In fact, if history is any guide, Pakistan's coup makers have always become
politically weaker after manipulating themselves into a second term.
Rigged referendum
The pattern of Pakistan's coup makers has been that the general seizing power
rules for a few years with the help of a Supreme Court judgment approving his
military takeover followed by a first presidential term based on a rigged referendum.
This is followed by a presidential election of some sort, with minimal pretense
of genuine democracy and political contestation, and it is at this stage that
the absence of legitimacy of the ruler comes to the fore.
Field Marshal Ayoub Khan sought "re-election' through Basic Democrats,
an electoral college of 80,000 local council members. He had hoped for a walkover
but had to rig even that poll when the sister of Pakistan's founder, the late
Mohtarma Fatima Jinnah, challenged Ayoub Khan as the combined opposition candidate
and showed her popular support at huge public rallies.

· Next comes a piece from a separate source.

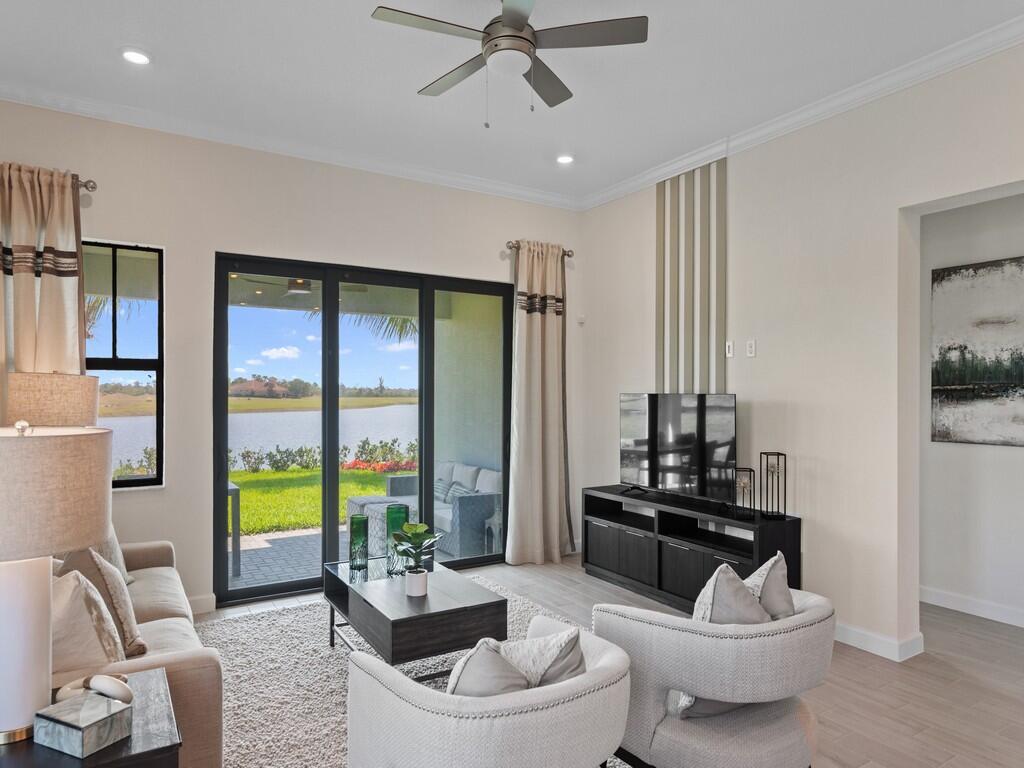 TESORO PLAT NO 20 - Residential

General Zia-ul Haq ruled from 1977 to 1984 on the strength of his coup d'etat
and gave himself a 5-year term through a referendum that hardly anybody bothered
to vote in.
But a relatively free election, albeit on non-party basis, returned a parliament
in 1985 that did cramp Zia's style, leading to its premature dissolution three
years later.
Popular support for Fatima Jinnah and the refusal of Zia-ul Haq's protege Mohammad
Khan Junejo to be his puppet showed that Pakistan's politicians might be too
weak to remove military rulers from power but they can withhold legitimacy from
the rulers.
Like Ayoub Khan and Zia-ul Haq before him, Musharraf remains fearful that once
he becomes a civilian and takes off his general's uniform, he will be susceptible
to coups d'etat like all civilian rulers of Pakistan.
But by failing to chart a new course Musharraf is setting himself for the same
failures that were faced by his military predecessors.